Perhaps this was out of ignorance. Then again, by depicting the Mojave as no more than a blank canvas, they felt free to exploit and abuse it however they wanted, imposing their own desires and dreams on a land they never understood. By imagining it as a wasteland, in other words, they and their successors could turn it into one.

From where I stood, it looked like they succeeded. To the north, the Antelope Valley has become the place where LA exiles all the stuff it needs, but doesn’t want to look at: gravel pits and transmission lines; solar facilities and sprawling mono-architecture subdivisions; prisons and Air Force bases. Red lights atop wind turbines flickered in syncopated rhythm along the base of the Tehachapi Mountains.

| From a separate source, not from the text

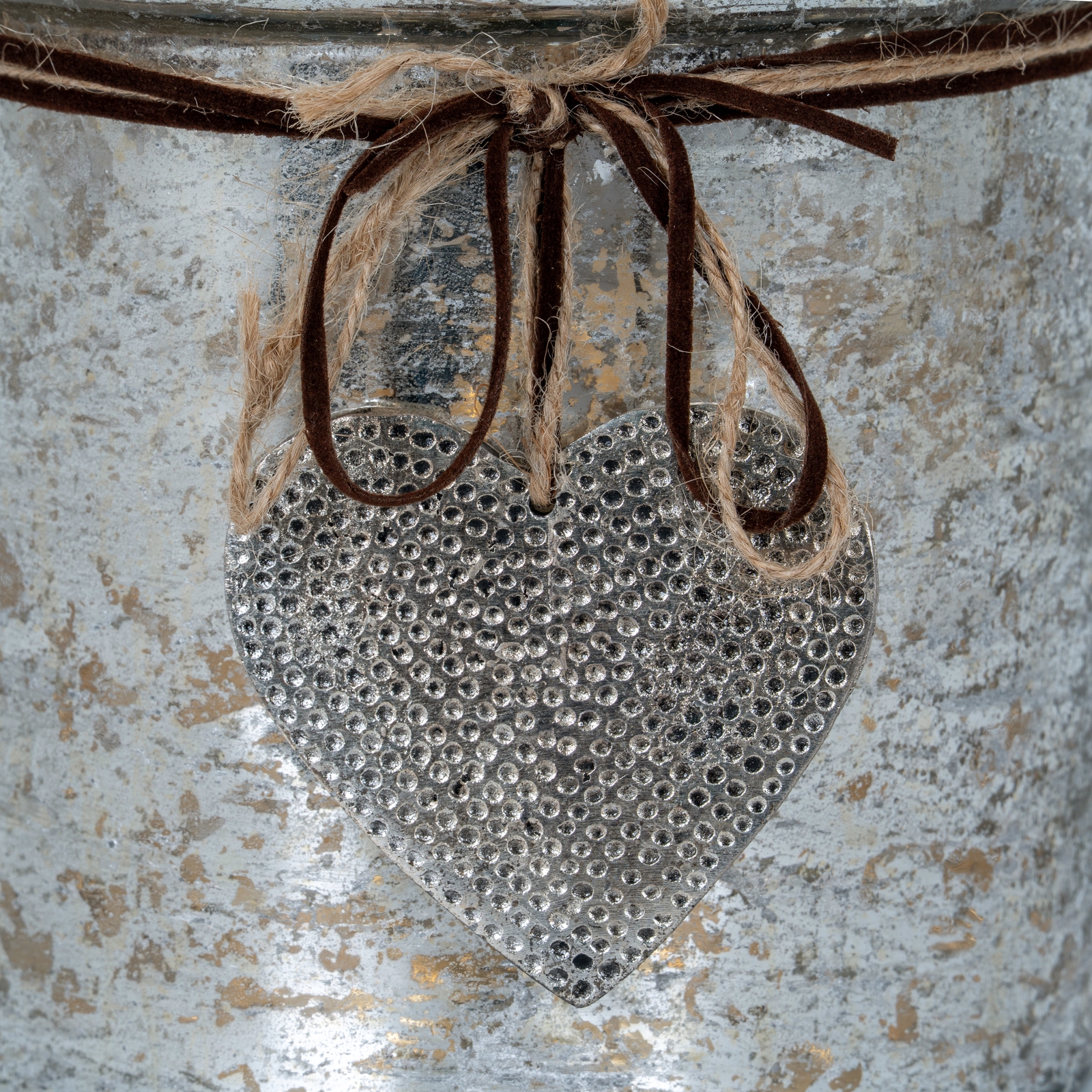 Mercury Hammered Heart Large Candle Holder - Image 3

The Los Angeles Aqueduct reflected the day’s last light, a pink-tinged silver eel slithering across the dusky landscape.

Yet the Mojave is also a place — if “place” can describe an expanse so vast it warps your sense of space and time — full of wonder and weirdness and diversity and beauty. It draws eccentrics and artists, misfits and misanthropists, the priced-out and disenfranchised, making for a vital human community scattered across the desert. Artists like Kim Stringfellow — profiled in this issue — are trying to capture and communicate the Mojave’s unique qualities to permanently dismantle the wasteland myth.

And a coalition of Mojave Desert tribes — descendants of the people the “wasteland” moniker was largely designed to erase — is leading an effort to establish the Avi Kwa Ame National Monument on southern Nevada lands held sacred by Yuman tribes. This enormous swath of the Mojave has stubbornly resisted industrialization; it remains ecologically abundant and culturally significant, a place where springtime wildflowers carpet the rocky earth with stunning yellows, reds and blues, and where anthropoid Joshua trees enthusiastically wave their prickly arms against the blaze-orange sunset.

It is all a testament to the fact that the Mojave has never been a wasteland, but rather a land of immense, indomitable vitality and resilience. Despite everything, the Western landscape and its diverse inhabitants, both human and non-human, endure, tough and tenacious and vividly, uniquely alive.